Carry none of the pictures over; write out the complete data exactly.

Start of Recorded data

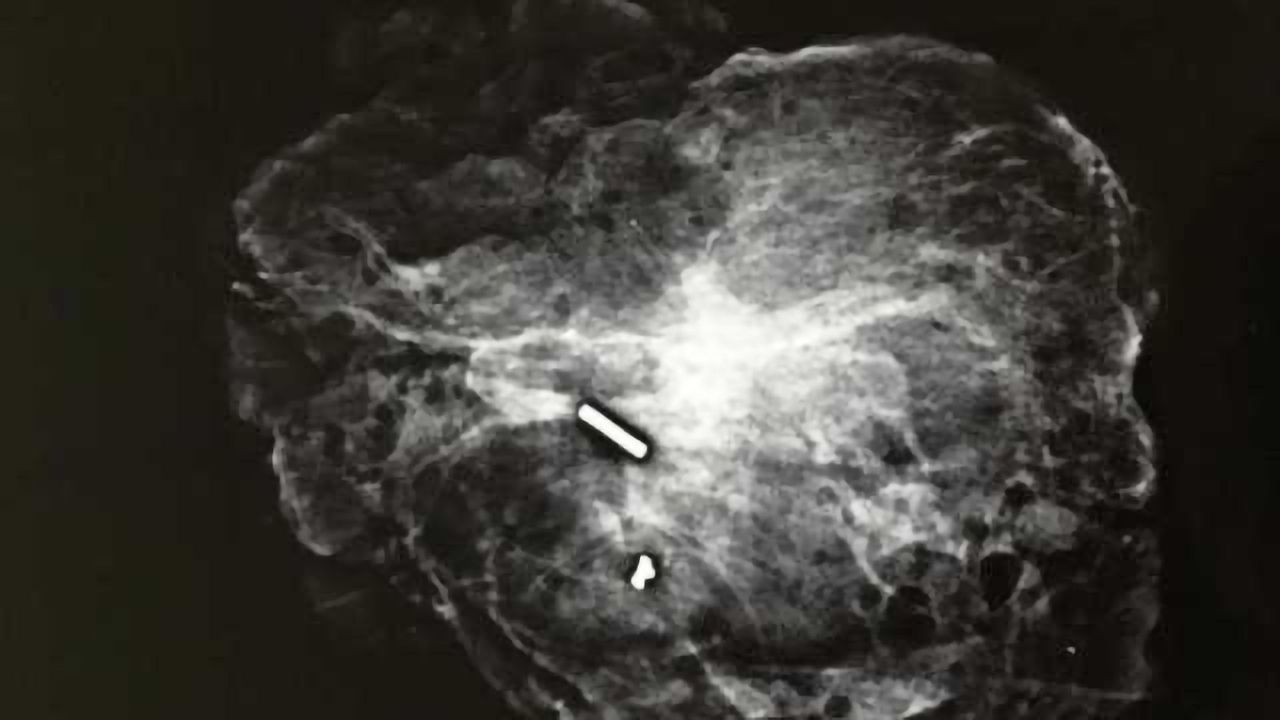 UCSF Adopts Magseed as Standard of care for Localization of Impalpable Breast Lesions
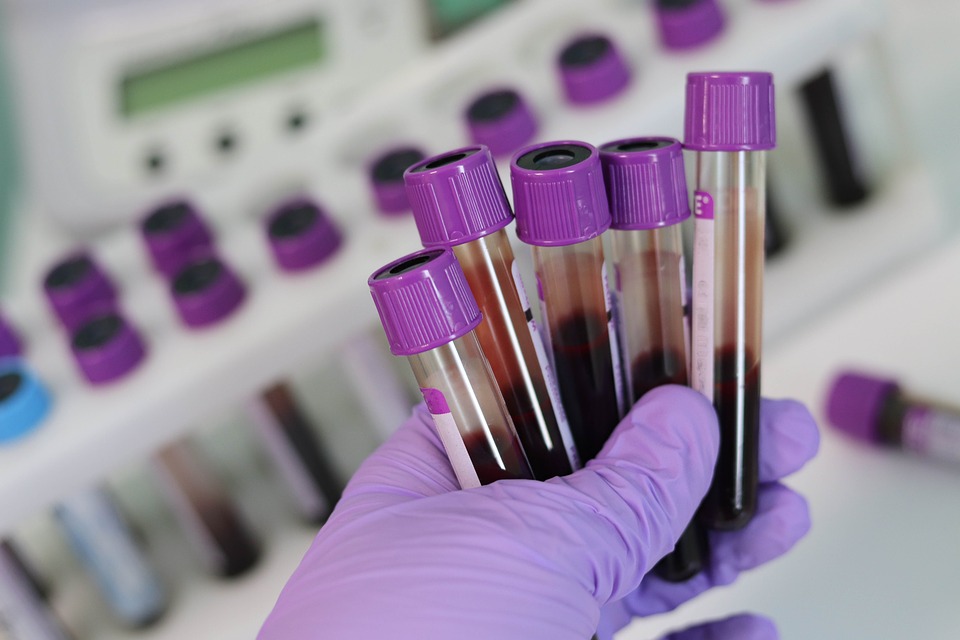 Algunhas probas de detección da COVID-19 requiren analítica de sangue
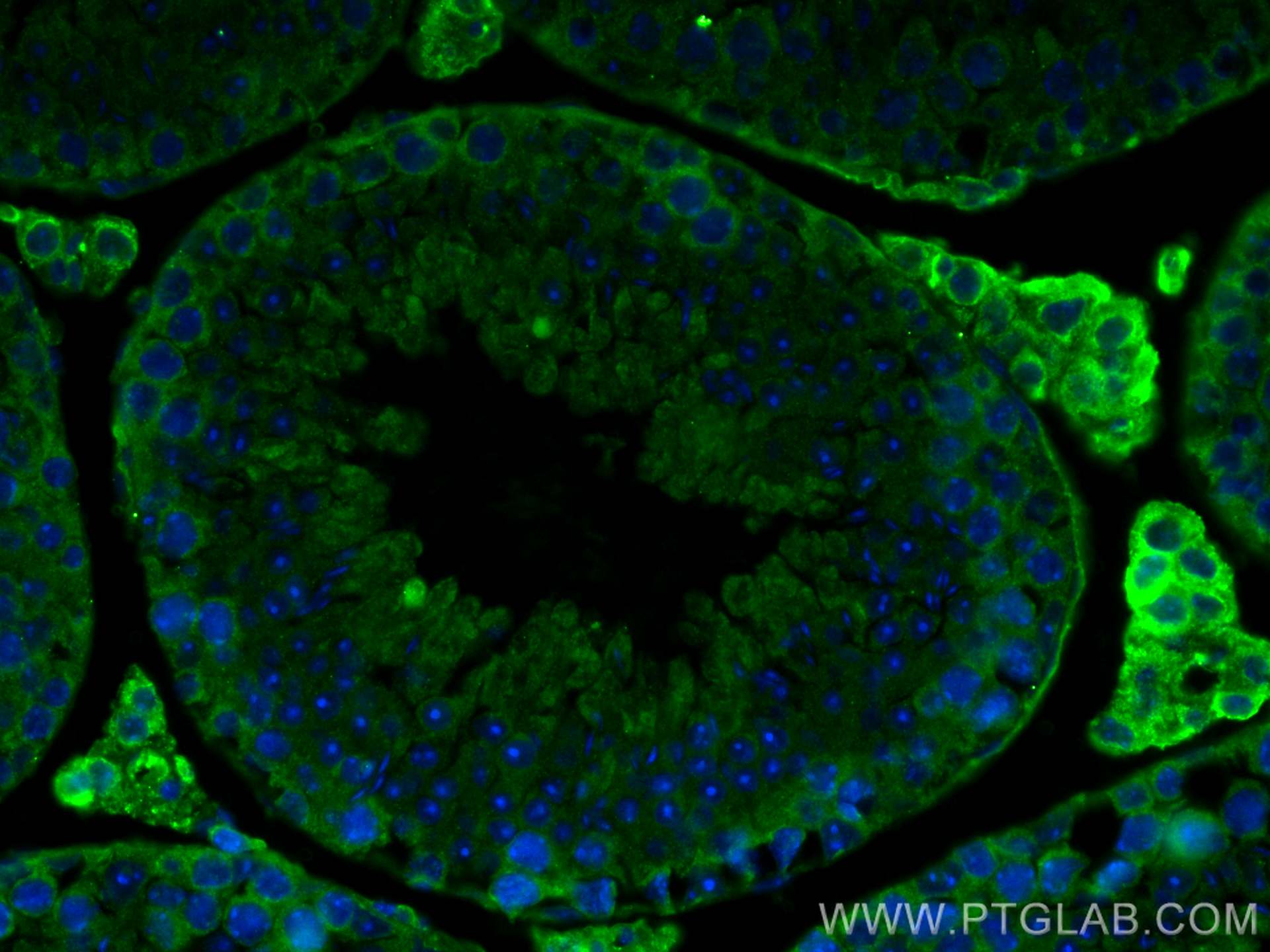 Immunofluorescence (IF) / fluorescent staining of mouse testis tissue using Cytokeratin 18 Monoclonal antibody (66187-1-Ig)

End of Recorded data

§ **Problem solution**
 UCSF Adopts Magseed as Standard of care for Localization of Impalpable Breast Lesions
 Algunhas probas de detección da COVID-19 requiren analítica de sangue
 Immunofluorescence (IF) / fluorescent staining of mouse testis tissue using Cytokeratin 18 Monoclonal antibody (66187-1-Ig)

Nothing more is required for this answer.